2. Cash is rarely king
Left: Cash pays less
Investors often think of cash as a safe haven in volatile times, or even as a source of income. But the ongoing era of ultra-low interest rates has depressed the return available on cash to near zero, leaving cash savings vulnerable to erosion by inflation over time. With interest rates expected to remain low, investors should be sure an allocation to cash does not undermine their long-term investment objectives.
Right: Cash underperforms over the long term
Cash left on the sidelines earns very little over the long run. Investors who have parked their cash in the bank have missed out on the impressive performance that would have come with staying invested over the long term.
3. Compounding works miracles
Left: Start early and invest regularly
Compound interest has been called the eighth wonder of the world. Its power is so great that even missing out on a few years of saving and growth can make an enormous difference to your eventual returns. Starting to save at the age of 25 and investing £5,000 per year in an investment that grows at 5% a year would leave you with nearly £300,000 more by the age of 65 than if you started at 35, even though overall you would only have invested an extra £50,000.
Right: Re-invest income from investments if you don’t need it
You can make even better use of the magic of compounding if you reinvest the income from your investments to boost your portfolio value further. The difference between reinvesting-and not reinvesting-the income from your investments over the long term can be enormous.
4. Volatility is normal
Keep your head when all about you are losing theirs
Every year has its rough patches. The red dots on this chart represent the maximum intra-year equity decline in every calendar year, or the difference between the highest and lowest point reached by the market in those 12 months. It is hard to predict these pullbacks, but double-digit declines in markets are a fact of life in most years; investors should expect them.
Volatility in financial markets is normal and investors should be prepared upfront for the ups and downs of investing, rather than reacting emotionally when the going gets tough. The grey bars represent the calendar-year market price returns. They show that, despite the pullbacks every year, the equity market has recovered to deliver positive returns in most calendar years.
The lesson is, don’t panic: more often than not a stock market pullback is an opportunity, not a reason to sell.
5. Staying invested matters
Don't put your emotions in charge of your investments
Market timing can be a dangerous habit. Pullbacks are hard to predict and strong returns often follow the worst returns.
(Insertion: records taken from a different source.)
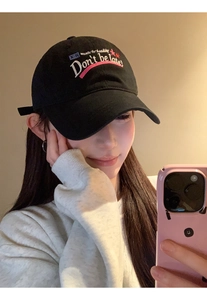 Detail of black baseball cap featuring pink and white embroidery Don't be late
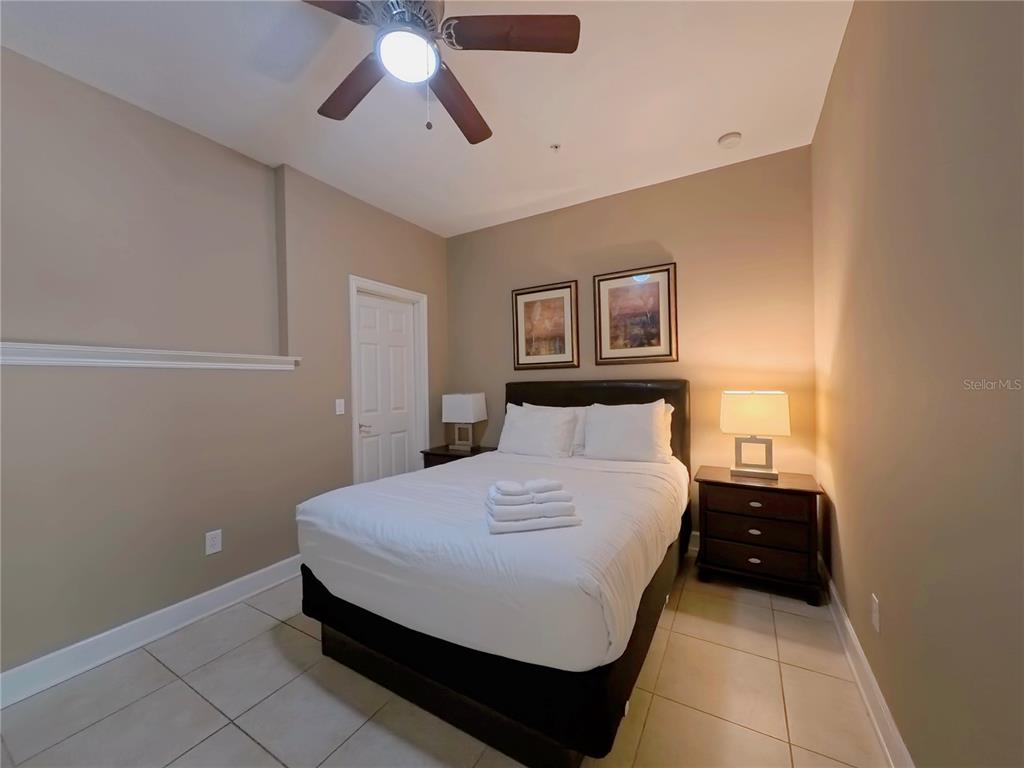 14525 Damai Lane Orlando, FL 32821 - Photo 23 of 30 a bedroom with a bed and a painting on the wall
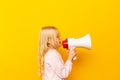 Kid shouting through megaphone. Communication concept. yellow background as copy space for your text Royalty Free Stock Photo
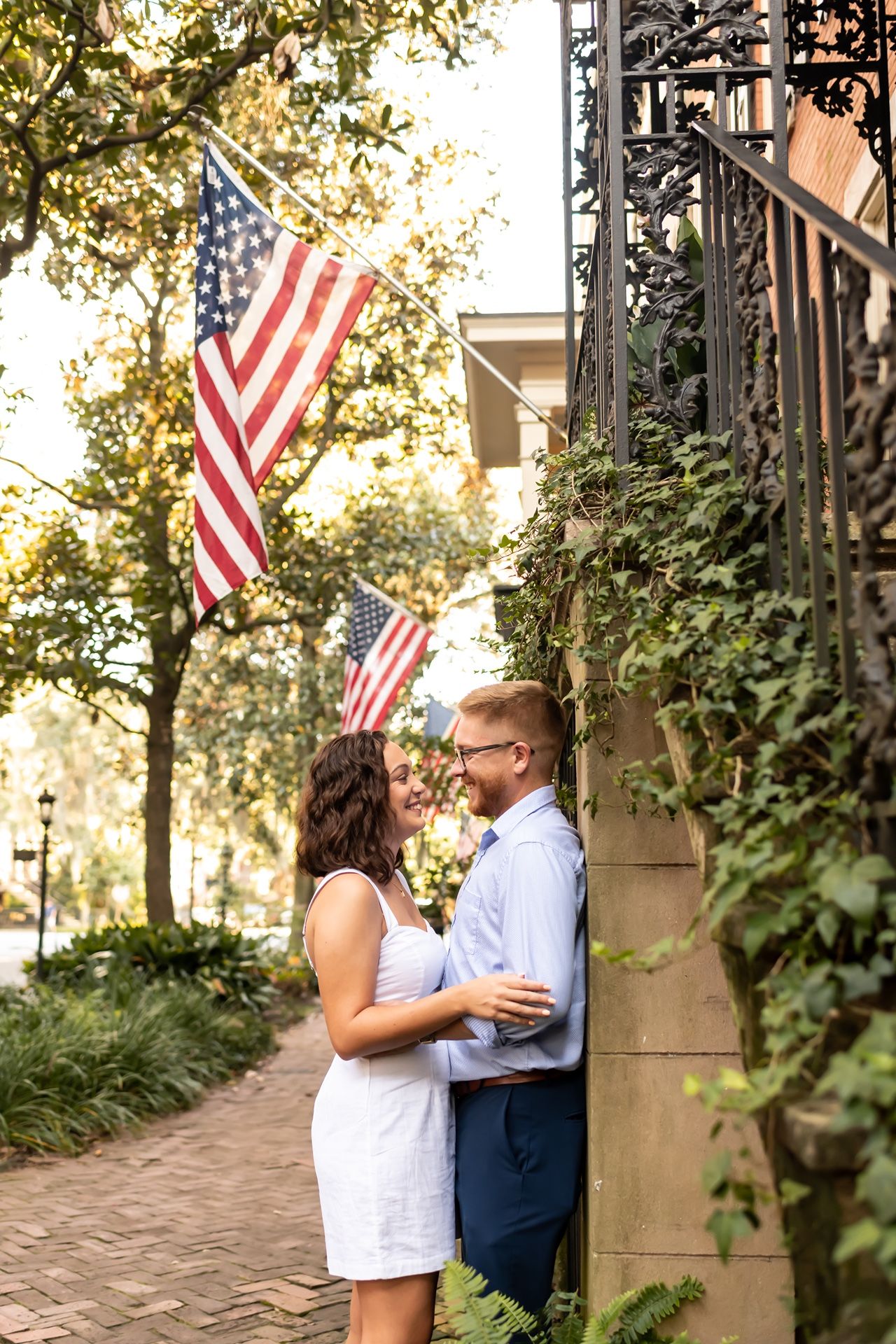A romantic couple embraces beneath American flags hanging in a garden walkway with brick pavers and lush greenery.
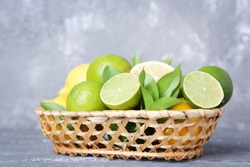 Lemons and limes with green leafs in basket on grey wooden table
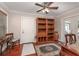 Home office with built-in shelving and hardwood floors at 3032 Harbour Landing Way, Casselberry, FL 32707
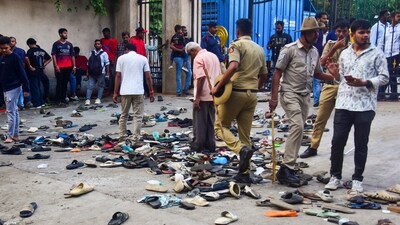 Footwears lie on the ground outside the Chinnaswamy Stadium following a stampede after a large number of fans gathered for the felicitation of IPL 2025 winning Royal Challengers Bengaluru in Bengaluru, Karnataka, Wednesday, June 4, 2025. (PTI File)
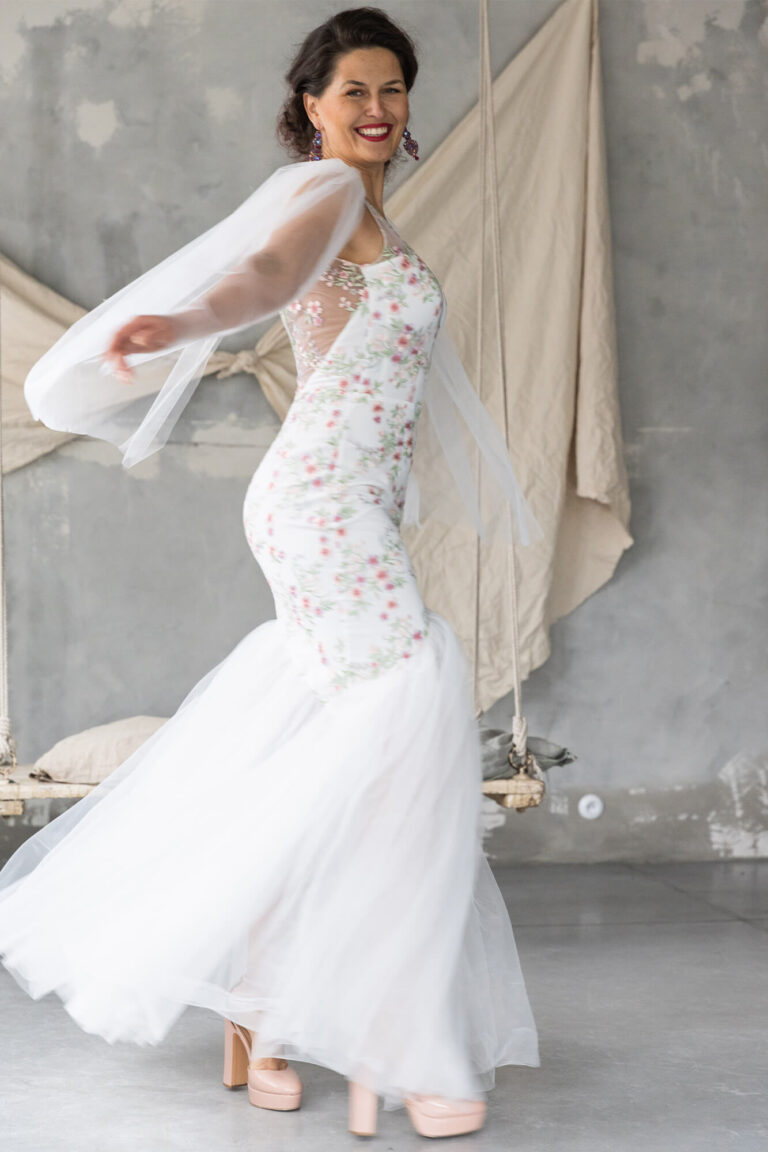 Suknia ślubna z koronkowym gorsetem i długim tiulowym trenem.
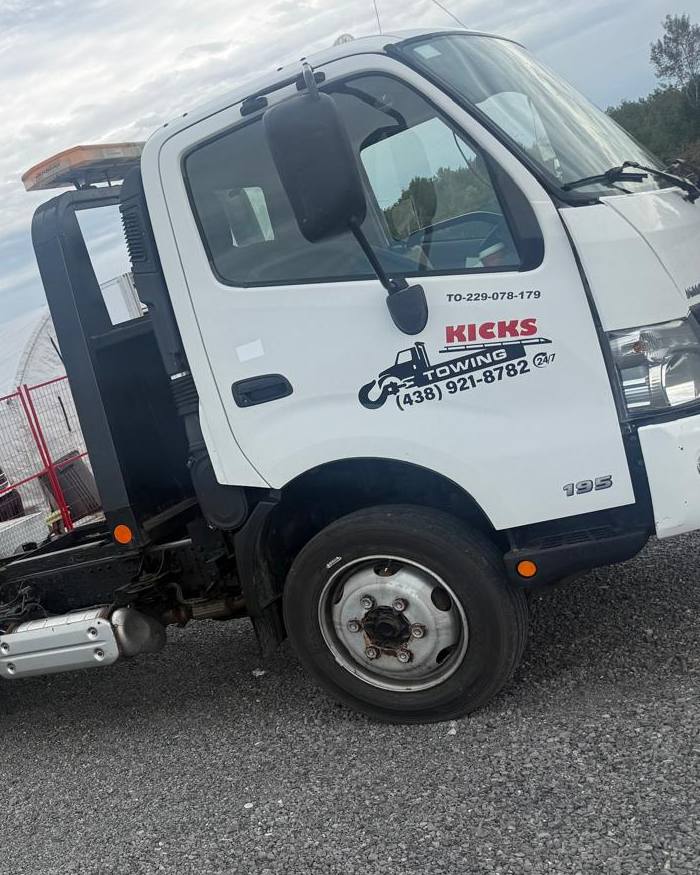 Cab door of the Kicks Towing truck showing the logo, phone number and Ontario certificate number
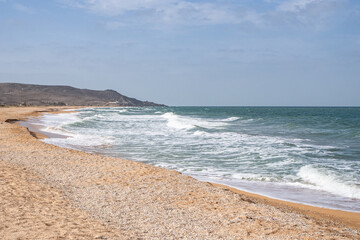 The storm and the waves of the sea. Sandy beach. Vacation, vacation,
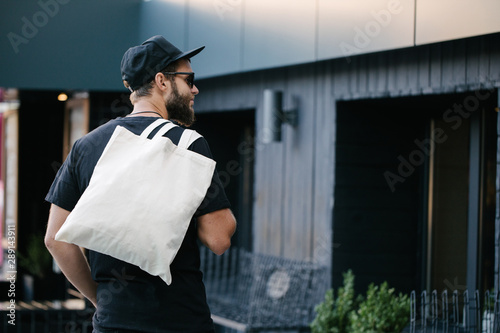 Young man holding white textile eco bag against urban city background. Ecology or environment protection concept. White eco bag for mock up.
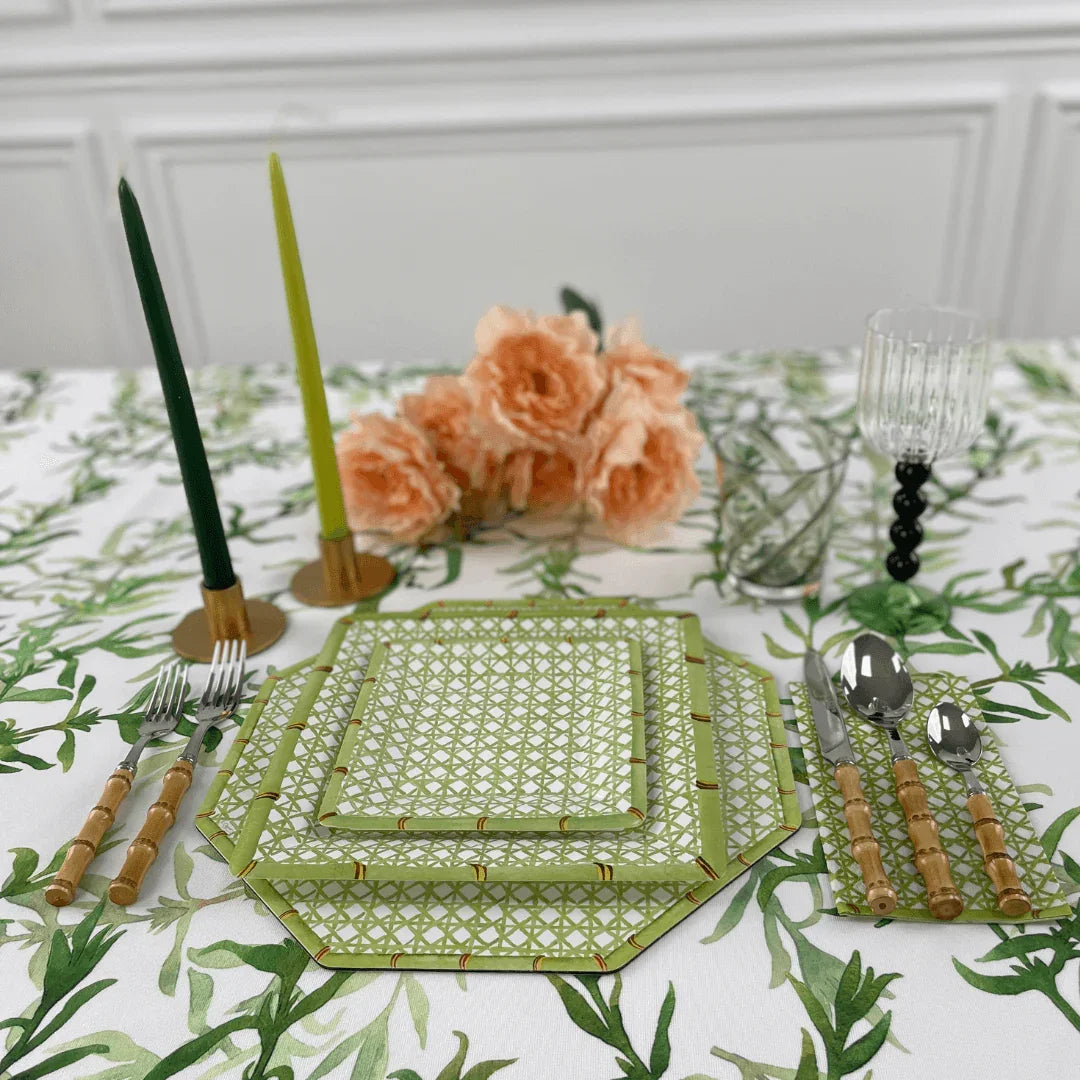 Four Ball Stemmed Glass-4 per box on a table adorned with candles, flowers, and green and white decor, ideal for elevating any event setting. Reflects Party Social&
But often investors think they can outsmart the market-or they let emotions like fear and greed push them into investment decisions they later regret.
This chart is a sobering reminder of the potential costs of trying to time the market. Even missing a handful of days in the market can have a devastating effect on an investor’s total returns.
5. Staying invested matters (Part 2)
Good things come to those who wait
While markets can always have a bad day, week, month or even a bad year, history suggests investors are much less likely to suffer losses over longer periods. Investors need to keep a long-term perspective.
This chart illustrates this concept. Investors should not necessarily expect the same rates of return in the future as we have seen in the past. But a diversified blend of stocks and bonds has not suffered a negative return over any 10-year rolling period in the past 66 years, despite the great swings in annual returns we have seen since 1950.
6. Diversification works
Don’t put all your eggs in one basket
The last 10 years have been a volatile and tumultuous ride for investors, with natural disasters, geopolitical conflicts and a major financial crisis.
Yet despite these difficulties, the worst-performing asset classes of those shown here have been cash and commodities. Meanwhile, a well-diversified portfolio, including stocks, bonds and some other asset classes, has returned above 8% per year over this time period. The diversified portfolio has also provided a much smoother ride for investors than investing in just equities, as shown by its position in the chart’s volatility column.